(Material provided)
• • • •
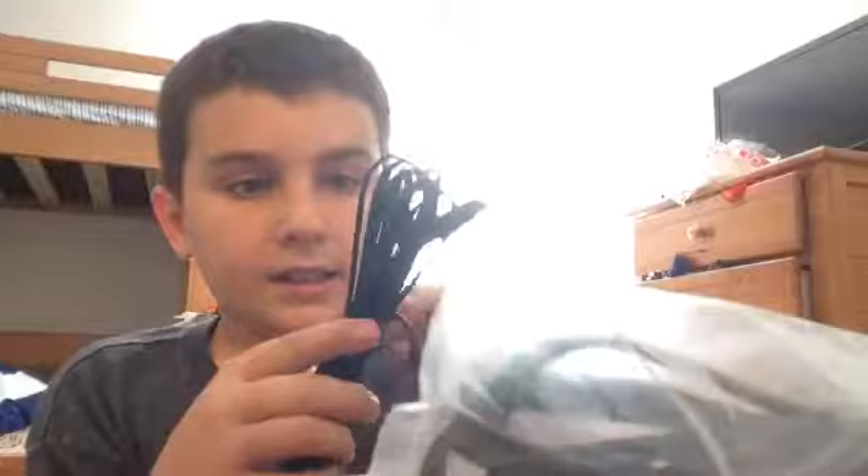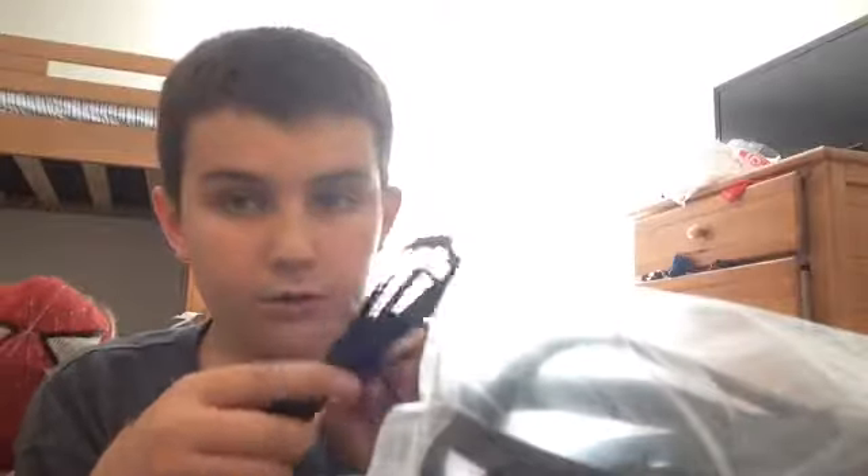Next is the charging cable — Turtle Beach charging cable. Hold on, alright. This is just like — you plug it into your PS4 and it's like a master cable that you get your sound from, probably.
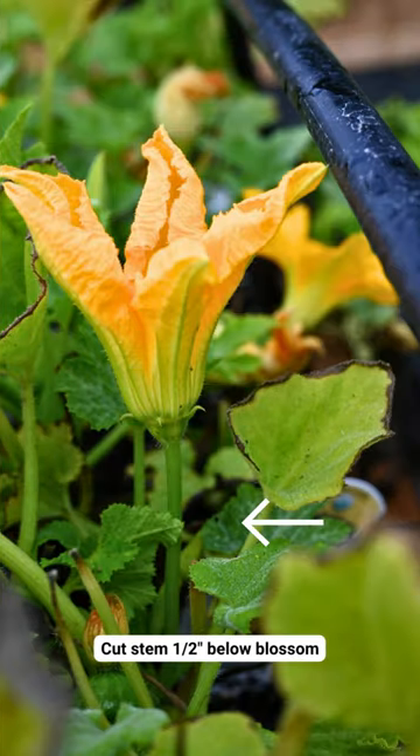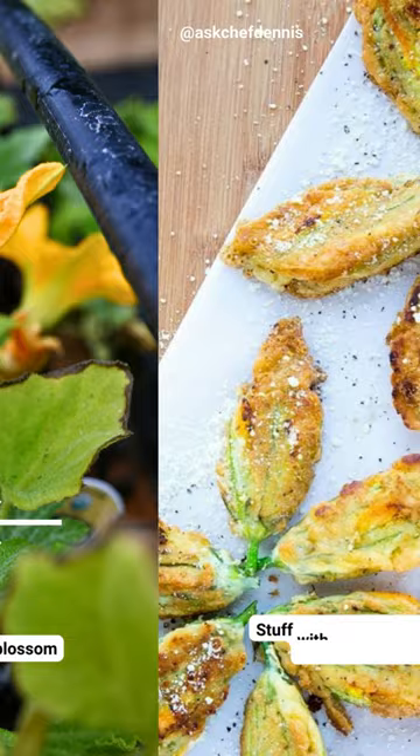To harvest, find a male flower and cut the stem half an inch below the blossom. Stuff with cheese and fry for a delicious appetizer.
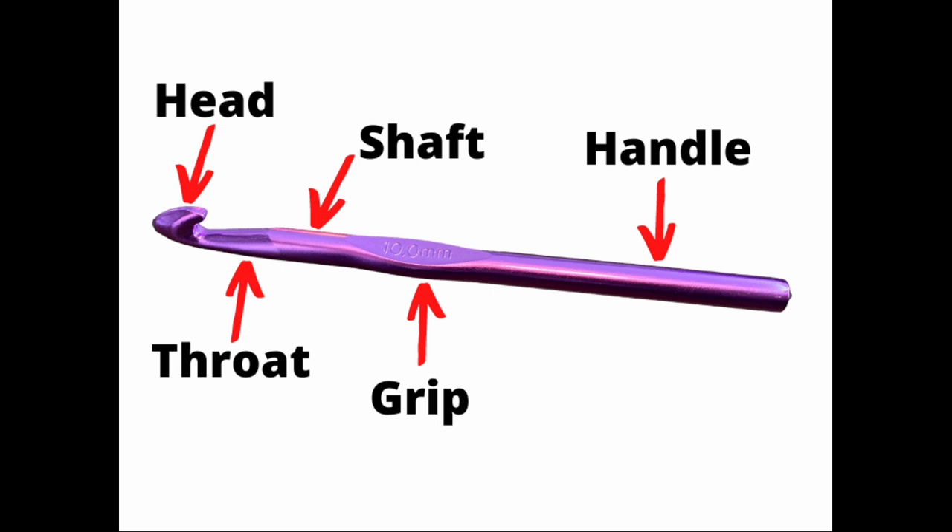The handle of course is where you hold the hook. The throat of the hook is what guides the yarn while you're crocheting, and the grip is your thumb rest. Most of the time the hook size is printed on the grip.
• • • •
(How to complete this task) Starting at the line that contains "To harvest, find", transcribe every line through the end of the listing exactly, including both end lines and excluding pictures.

(Result of the exercise)
To harvest, find a male flower and cut the stem half an inch below the blossom. Stuff with cheese and fry for a delicious appetizer.
The handle of course is where you hold the hook. The throat of the hook is what guides the yarn while you're crocheting, and the grip is your thumb rest. Most of the time the hook size is printed on the grip.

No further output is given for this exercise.